[Input records Boundary: Start]
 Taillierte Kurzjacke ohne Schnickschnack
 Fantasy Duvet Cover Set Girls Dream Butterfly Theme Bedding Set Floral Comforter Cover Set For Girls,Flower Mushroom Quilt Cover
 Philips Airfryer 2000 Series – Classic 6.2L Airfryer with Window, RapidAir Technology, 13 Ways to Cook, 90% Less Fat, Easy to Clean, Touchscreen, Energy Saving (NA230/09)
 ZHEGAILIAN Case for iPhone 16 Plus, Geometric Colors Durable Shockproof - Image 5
[Input records Boundary: End]
[Input records Boundary: Start]
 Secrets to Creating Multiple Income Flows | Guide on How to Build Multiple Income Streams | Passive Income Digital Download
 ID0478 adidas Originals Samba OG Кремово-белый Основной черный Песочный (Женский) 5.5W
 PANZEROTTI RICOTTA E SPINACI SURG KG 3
[Input records Boundary: End]
[Input records Boundary: Start]
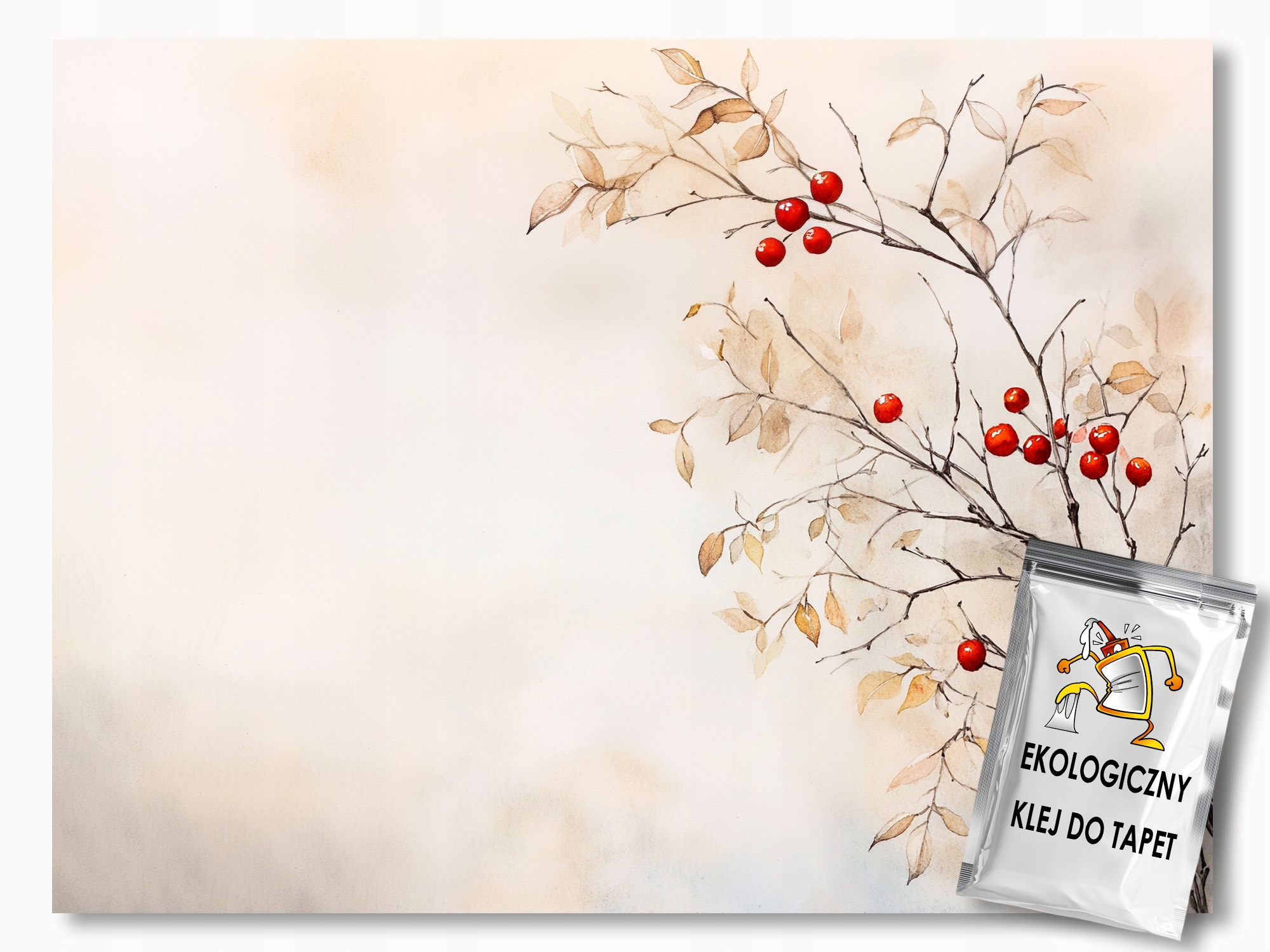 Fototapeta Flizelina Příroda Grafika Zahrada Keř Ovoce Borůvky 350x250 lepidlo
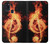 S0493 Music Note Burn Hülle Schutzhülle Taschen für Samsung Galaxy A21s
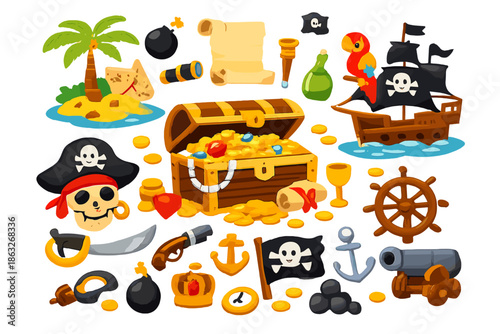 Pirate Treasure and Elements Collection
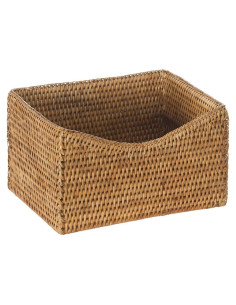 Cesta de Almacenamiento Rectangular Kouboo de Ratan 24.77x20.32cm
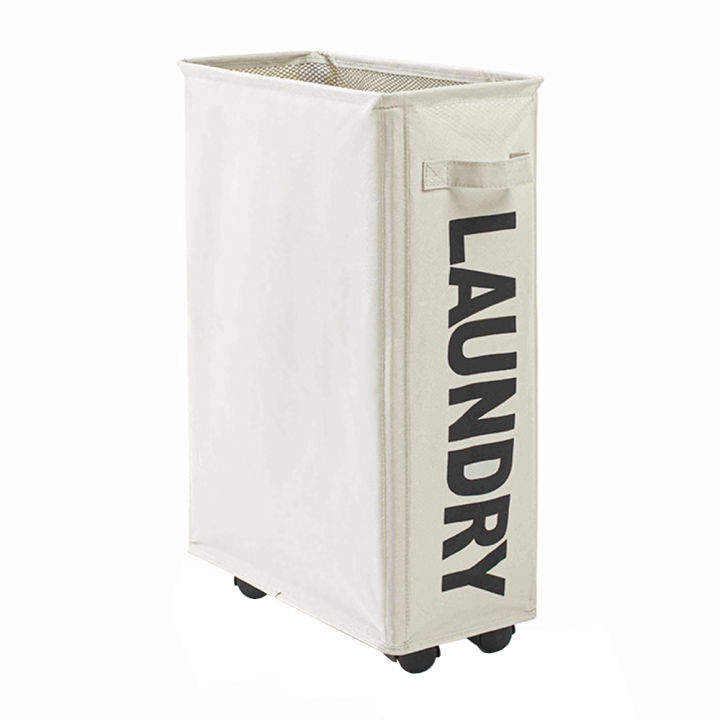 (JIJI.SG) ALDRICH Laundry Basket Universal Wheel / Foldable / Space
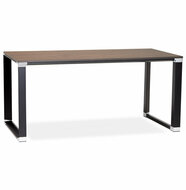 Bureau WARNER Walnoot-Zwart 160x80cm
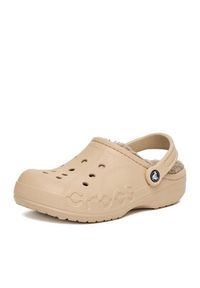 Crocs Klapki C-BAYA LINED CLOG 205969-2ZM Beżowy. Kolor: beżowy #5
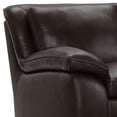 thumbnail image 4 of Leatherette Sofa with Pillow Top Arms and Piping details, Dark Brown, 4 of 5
[Input records Boundary: End]
What you should do: Could you repeat exactly the lines in the listing above from the one with "Fantasy Duvet Cover" down to the one with "ZHEGAILIAN Case for"? Include both of those lines.

Problem solution:
 Fantasy Duvet Cover Set Girls Dream Butterfly Theme Bedding Set Floral Comforter Cover Set For Girls,Flower Mushroom Quilt Cover
 Philips Airfryer 2000 Series – Classic 6.2L Airfryer with Window, RapidAir Technology, 13 Ways to Cook, 90% Less Fat, Easy to Clean, Touchscreen, Energy Saving (NA230/09)
 ZHEGAILIAN Case for iPhone 16 Plus, Geometric Colors Durable Shockproof - Image 5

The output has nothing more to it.